= EXERCISE =
The answer is the full listing restated exactly, without any pictures.

┌─ SUPPLIED INFORMATION

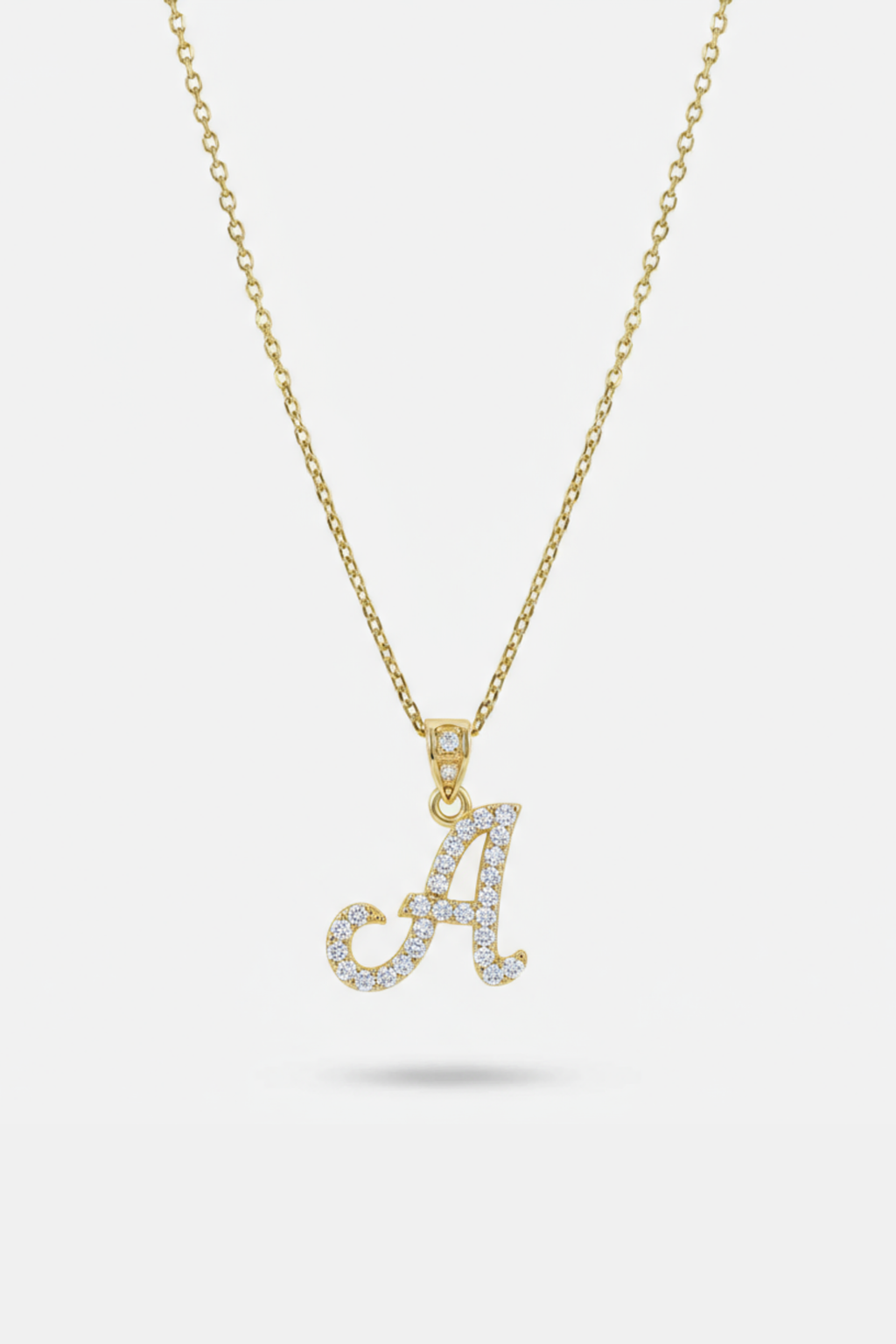 The 'A' Necklace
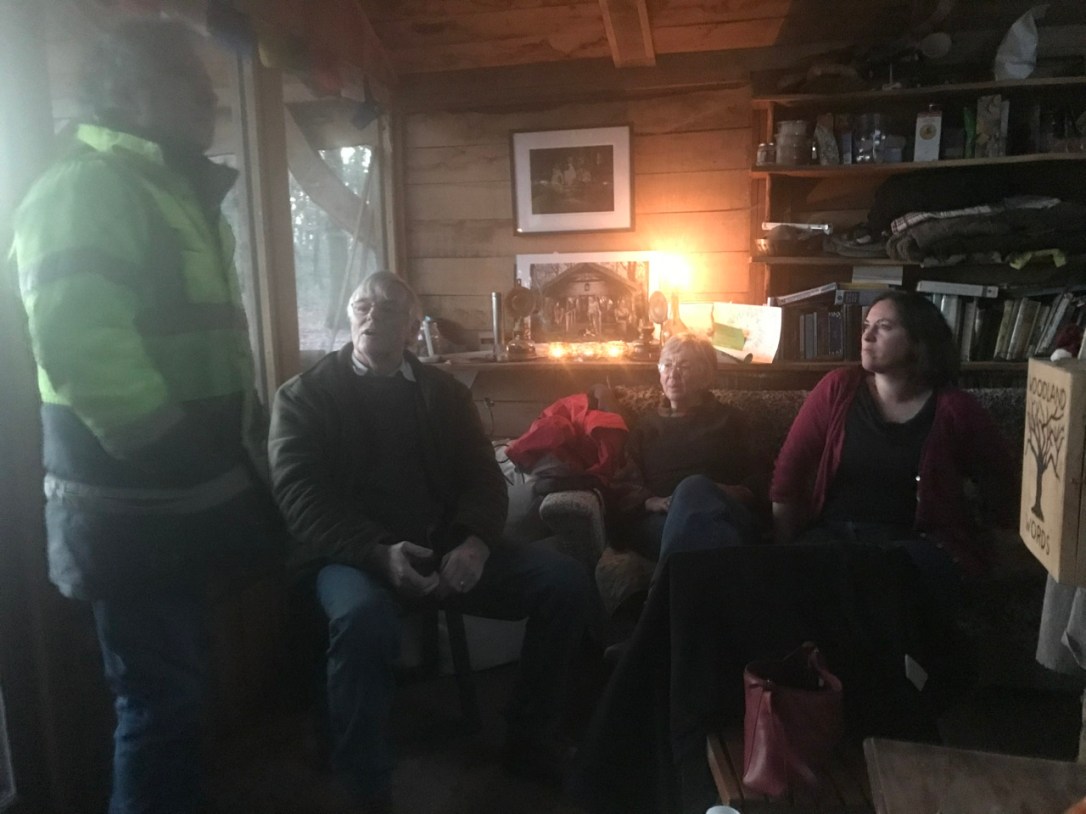 Graham Rose Zoe Norgate lunch in the cabin-13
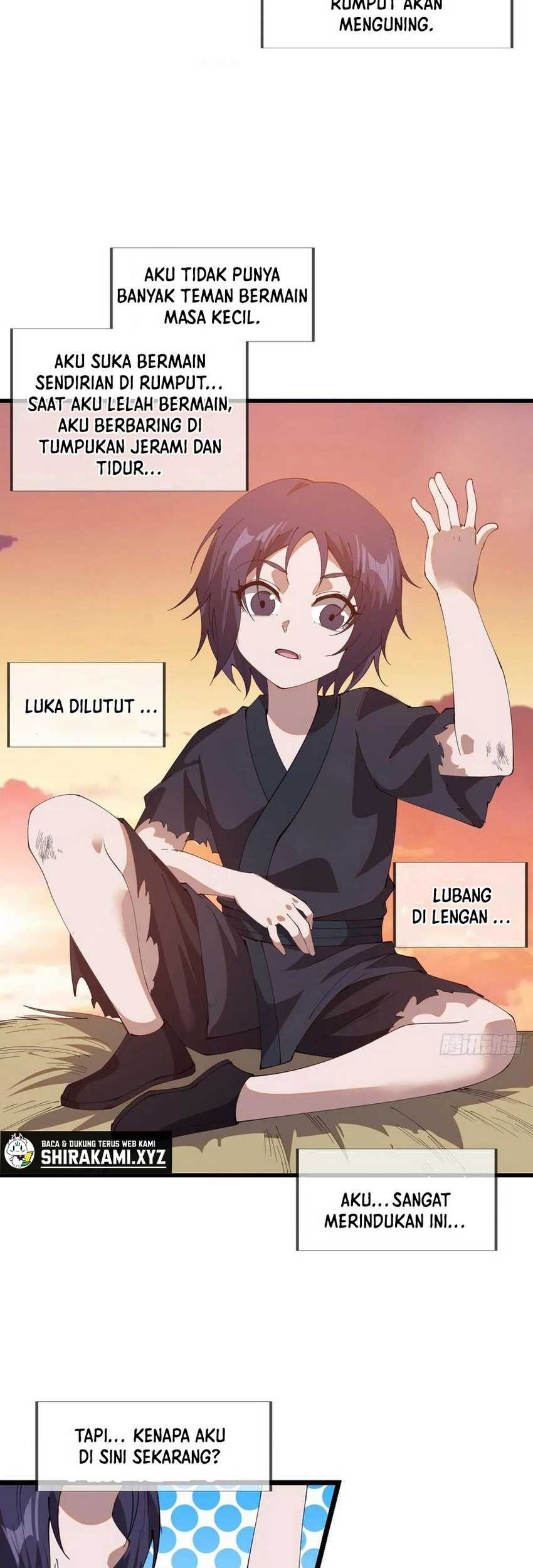 It Starts With A Mountain Chapter 742 - halaman 17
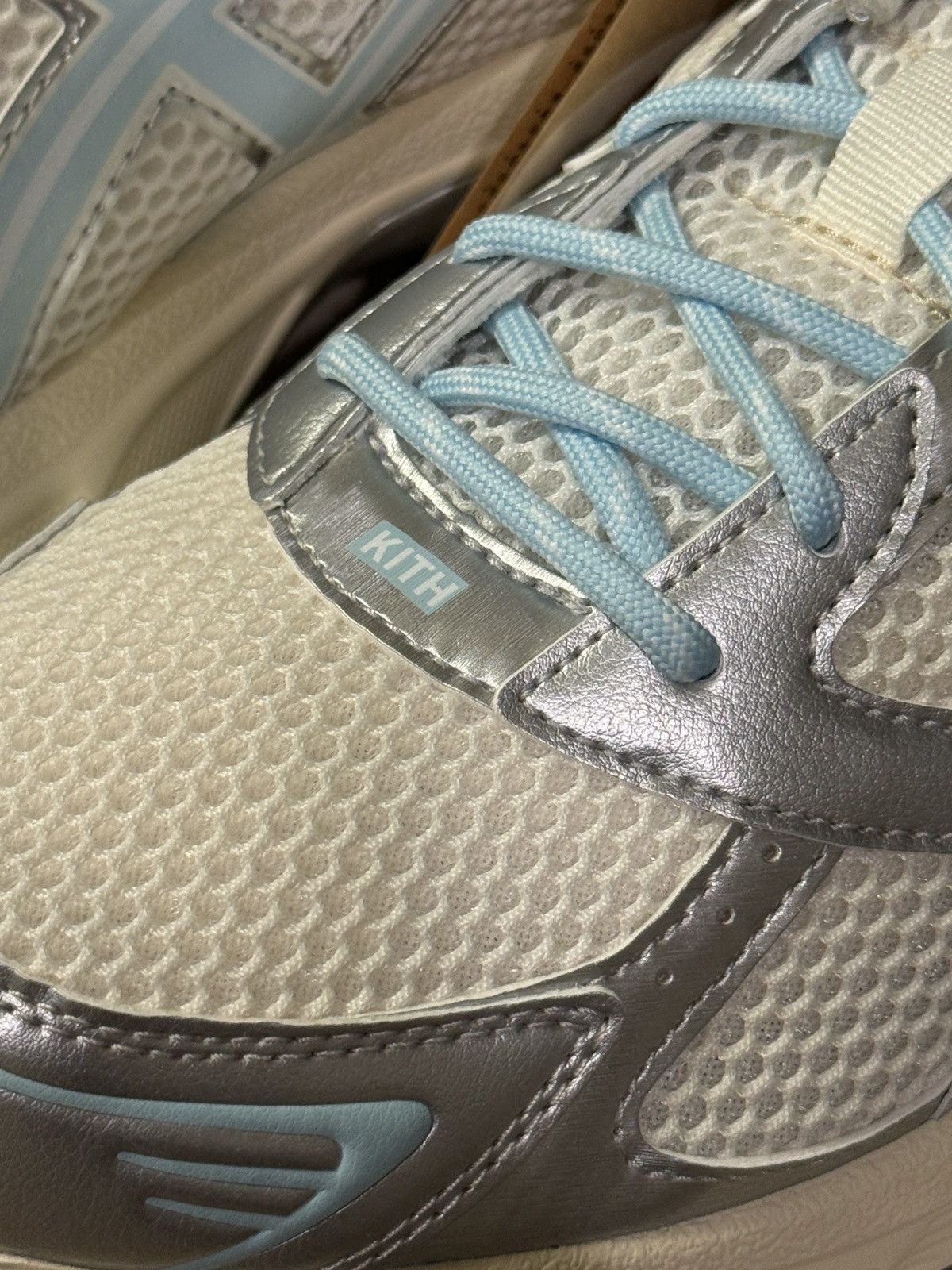 Asics Kith x Asics Gel-1130 Starlight Blue Size 11.5 Size US 11.5 / EU 44-45 - 13 Thumbnail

└─

= WRITTEN RESPONSE =
 The 'A' Necklace
 Graham Rose Zoe Norgate lunch in the cabin-13
 It Starts With A Mountain Chapter 742 - halaman 17
 Asics Kith x Asics Gel-1130 Starlight Blue Size 11.5 Size US 11.5 / EU 44-45 - 13 Thumbnail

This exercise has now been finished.